Autour de la maison, les fleurs pour l ’embellissement

Le « muguet malgache », Famonototozy, Drimia mascarenensis (Baker) J.C.Manning et Goldblatt, d’une touffe de longues feuilles s’épanouissent des hampes florales portant des petites clochettes blanches au moment des pluies. Ce muguet est très toxique, son bulbe écrasé sert d’appât pour tuer les rongeurs.

Un ensemble de fougères, le Diplazium esculentum (Retz.) Sw. masque le dessous de la maison niveau pilotis, les crosses et les jeunes feuilles sont consommées, elle est la fougère la plus comestible du monde,tout en étant décorative.

Le Franciscea , Brunfelsia uniflora L. agréable pour composer des bouquets pour la véranda, cet arbuste buissonnant de la famille des Solanacées, originaire d’Amérique du Sud a des fleurs nombreuses qui changent changeant de couleur au cours de leur vieillissement, du violet au lilas au blanc.
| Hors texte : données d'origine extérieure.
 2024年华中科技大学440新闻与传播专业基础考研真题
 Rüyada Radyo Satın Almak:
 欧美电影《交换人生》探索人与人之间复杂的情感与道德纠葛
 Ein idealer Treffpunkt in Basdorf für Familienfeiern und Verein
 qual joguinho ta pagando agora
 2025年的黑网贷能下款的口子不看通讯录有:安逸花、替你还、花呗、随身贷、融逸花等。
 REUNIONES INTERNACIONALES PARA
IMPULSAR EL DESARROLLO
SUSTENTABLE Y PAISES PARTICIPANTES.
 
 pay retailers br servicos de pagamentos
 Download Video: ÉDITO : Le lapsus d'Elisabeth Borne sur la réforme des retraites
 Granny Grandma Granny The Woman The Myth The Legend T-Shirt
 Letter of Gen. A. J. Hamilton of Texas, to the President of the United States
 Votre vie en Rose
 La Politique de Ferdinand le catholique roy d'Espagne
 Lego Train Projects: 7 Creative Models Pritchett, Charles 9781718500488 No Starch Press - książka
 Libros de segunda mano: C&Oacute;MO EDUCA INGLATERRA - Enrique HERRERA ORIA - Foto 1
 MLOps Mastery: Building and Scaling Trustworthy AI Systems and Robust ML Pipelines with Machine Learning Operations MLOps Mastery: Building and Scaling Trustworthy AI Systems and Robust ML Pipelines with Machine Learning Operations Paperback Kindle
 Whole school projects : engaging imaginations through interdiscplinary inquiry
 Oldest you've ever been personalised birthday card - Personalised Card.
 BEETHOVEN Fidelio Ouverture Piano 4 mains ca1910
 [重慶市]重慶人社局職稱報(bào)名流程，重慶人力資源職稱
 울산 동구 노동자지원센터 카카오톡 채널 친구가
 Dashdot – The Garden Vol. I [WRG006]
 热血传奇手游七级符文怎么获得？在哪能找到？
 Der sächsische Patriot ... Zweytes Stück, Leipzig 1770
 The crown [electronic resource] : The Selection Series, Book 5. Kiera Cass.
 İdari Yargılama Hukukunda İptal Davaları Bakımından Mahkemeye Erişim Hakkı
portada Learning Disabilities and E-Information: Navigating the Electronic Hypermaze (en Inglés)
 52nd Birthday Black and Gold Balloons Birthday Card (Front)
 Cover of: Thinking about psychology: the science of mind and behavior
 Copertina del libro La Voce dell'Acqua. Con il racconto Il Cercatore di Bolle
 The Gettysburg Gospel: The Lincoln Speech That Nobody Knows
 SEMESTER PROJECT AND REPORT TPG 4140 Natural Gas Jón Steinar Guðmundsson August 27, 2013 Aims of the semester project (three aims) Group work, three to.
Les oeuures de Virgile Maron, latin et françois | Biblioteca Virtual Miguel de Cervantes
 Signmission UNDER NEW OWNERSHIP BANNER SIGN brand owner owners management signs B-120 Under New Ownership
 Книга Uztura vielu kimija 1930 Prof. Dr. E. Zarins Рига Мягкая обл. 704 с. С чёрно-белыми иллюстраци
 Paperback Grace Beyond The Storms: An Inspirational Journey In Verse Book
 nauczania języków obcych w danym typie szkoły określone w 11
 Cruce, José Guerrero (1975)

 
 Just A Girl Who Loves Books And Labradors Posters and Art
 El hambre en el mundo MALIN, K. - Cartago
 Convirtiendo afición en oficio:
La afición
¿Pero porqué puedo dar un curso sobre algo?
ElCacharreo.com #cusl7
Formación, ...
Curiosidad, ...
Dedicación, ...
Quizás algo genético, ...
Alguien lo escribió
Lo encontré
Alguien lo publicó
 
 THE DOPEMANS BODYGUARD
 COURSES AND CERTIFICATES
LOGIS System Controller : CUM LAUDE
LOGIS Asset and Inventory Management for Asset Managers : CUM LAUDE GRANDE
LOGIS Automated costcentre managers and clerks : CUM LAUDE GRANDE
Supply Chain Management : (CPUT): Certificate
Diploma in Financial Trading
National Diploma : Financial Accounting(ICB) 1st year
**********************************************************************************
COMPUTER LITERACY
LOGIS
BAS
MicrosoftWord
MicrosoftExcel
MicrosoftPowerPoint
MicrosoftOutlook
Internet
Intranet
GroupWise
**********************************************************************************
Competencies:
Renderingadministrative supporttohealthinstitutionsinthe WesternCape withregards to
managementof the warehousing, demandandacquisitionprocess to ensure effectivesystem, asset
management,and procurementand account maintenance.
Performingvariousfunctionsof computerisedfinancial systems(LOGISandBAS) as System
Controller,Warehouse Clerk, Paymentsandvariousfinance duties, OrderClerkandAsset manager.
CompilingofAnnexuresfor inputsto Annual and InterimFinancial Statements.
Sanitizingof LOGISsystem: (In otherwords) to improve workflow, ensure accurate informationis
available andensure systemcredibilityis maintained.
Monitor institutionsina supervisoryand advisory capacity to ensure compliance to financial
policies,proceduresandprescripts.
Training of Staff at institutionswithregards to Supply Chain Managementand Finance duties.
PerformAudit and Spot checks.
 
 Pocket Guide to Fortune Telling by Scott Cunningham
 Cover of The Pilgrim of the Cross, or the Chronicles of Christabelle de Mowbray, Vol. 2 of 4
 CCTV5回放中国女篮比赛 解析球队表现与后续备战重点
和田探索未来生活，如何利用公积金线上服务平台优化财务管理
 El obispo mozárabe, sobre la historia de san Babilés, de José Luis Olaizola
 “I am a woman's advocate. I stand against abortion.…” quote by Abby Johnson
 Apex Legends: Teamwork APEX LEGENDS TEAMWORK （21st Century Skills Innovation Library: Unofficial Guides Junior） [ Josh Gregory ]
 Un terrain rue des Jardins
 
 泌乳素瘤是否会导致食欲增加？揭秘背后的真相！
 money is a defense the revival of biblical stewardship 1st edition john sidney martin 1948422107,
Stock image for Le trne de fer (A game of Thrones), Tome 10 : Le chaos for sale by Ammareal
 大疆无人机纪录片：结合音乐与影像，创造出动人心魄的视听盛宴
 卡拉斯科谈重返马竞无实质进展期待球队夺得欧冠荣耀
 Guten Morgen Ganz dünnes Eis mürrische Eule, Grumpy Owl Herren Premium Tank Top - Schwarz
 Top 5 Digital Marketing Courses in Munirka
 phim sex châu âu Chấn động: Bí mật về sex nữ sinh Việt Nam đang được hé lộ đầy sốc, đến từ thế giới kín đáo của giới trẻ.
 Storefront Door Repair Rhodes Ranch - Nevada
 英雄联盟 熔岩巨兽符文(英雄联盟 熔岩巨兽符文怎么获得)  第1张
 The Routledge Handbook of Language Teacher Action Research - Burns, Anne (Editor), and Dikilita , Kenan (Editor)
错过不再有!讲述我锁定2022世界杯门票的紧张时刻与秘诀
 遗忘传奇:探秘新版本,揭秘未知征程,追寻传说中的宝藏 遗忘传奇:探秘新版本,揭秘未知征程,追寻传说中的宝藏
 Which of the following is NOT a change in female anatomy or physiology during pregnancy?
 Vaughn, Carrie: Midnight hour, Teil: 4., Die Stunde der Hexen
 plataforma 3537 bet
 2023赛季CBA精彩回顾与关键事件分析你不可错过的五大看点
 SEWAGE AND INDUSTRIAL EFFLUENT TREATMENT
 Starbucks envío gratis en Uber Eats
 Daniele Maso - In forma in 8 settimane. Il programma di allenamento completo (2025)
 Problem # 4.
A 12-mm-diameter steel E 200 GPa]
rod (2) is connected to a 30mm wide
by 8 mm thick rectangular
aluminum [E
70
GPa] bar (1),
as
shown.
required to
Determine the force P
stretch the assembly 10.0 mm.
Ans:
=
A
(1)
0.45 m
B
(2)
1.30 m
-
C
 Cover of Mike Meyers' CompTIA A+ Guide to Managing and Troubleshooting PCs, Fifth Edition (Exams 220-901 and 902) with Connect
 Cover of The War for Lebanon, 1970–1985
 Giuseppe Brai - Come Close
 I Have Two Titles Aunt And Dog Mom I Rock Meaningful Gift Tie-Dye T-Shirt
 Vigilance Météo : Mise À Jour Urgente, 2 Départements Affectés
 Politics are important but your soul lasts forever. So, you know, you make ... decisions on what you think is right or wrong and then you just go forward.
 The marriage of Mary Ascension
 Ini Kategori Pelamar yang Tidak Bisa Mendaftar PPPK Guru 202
Le Lilas de Perse, « Voandelaka » , Melia azedarach L. Ce bel arbre aux feuilles découpées comme celles du frêne, ses nombreuses fleurs parfumées est considéré naturalisé à Madagascar. Le noyau sert à confectionner des chapelets, des colliers. Sur le tronc, dans un « fanjon » ou « fanjan » soit un pot suspendu sa maman plaçait une orchidée. Qu’est ce que ce « fanjan » ? un stipe d’une fougère arborescente, Cyathea borbonica Desv. caractéristique des forêts tropicales humides, le stipe est couvert de racines adventives serrées les une contres les autres, coupé le stipe devient un milieu idéal pour la culture des orchidées, offrant un milieu acide et laissant passe l’eau. Ces coupes ont concouru à la disparition de ces fougères apparues il quelques 300 millions d’années. Actuellement il est interdit de les couper.

L’« Evi », « Sakomanga », « Ambarella »Pommier de cythère,Spondias dulcis Parkinson.Spondias est le nom grec de la prune. Après avoir mangé le fruit il reste un noyau mémorisé car couvert de longues aspérités. Si ce nom de pommier oriente vers la famille des Rosacées, il fait partie des Anacardiacées, famille du Manguier.

Le « Vavangue » , Vangueria madagascariensis J.F.Gmel., la pulpe acidulée de cette sorte de prune bleuit la langue a marque la mémoire d’Irène. L’urbanisation a fait disparaître cet arbuste autour des maisons.

Le Bibassier,« Kazazan », « kaso fihina », Eriobotrya japonica (Thunb.) Lindl. , un arbre venu de l’île de la Réunion.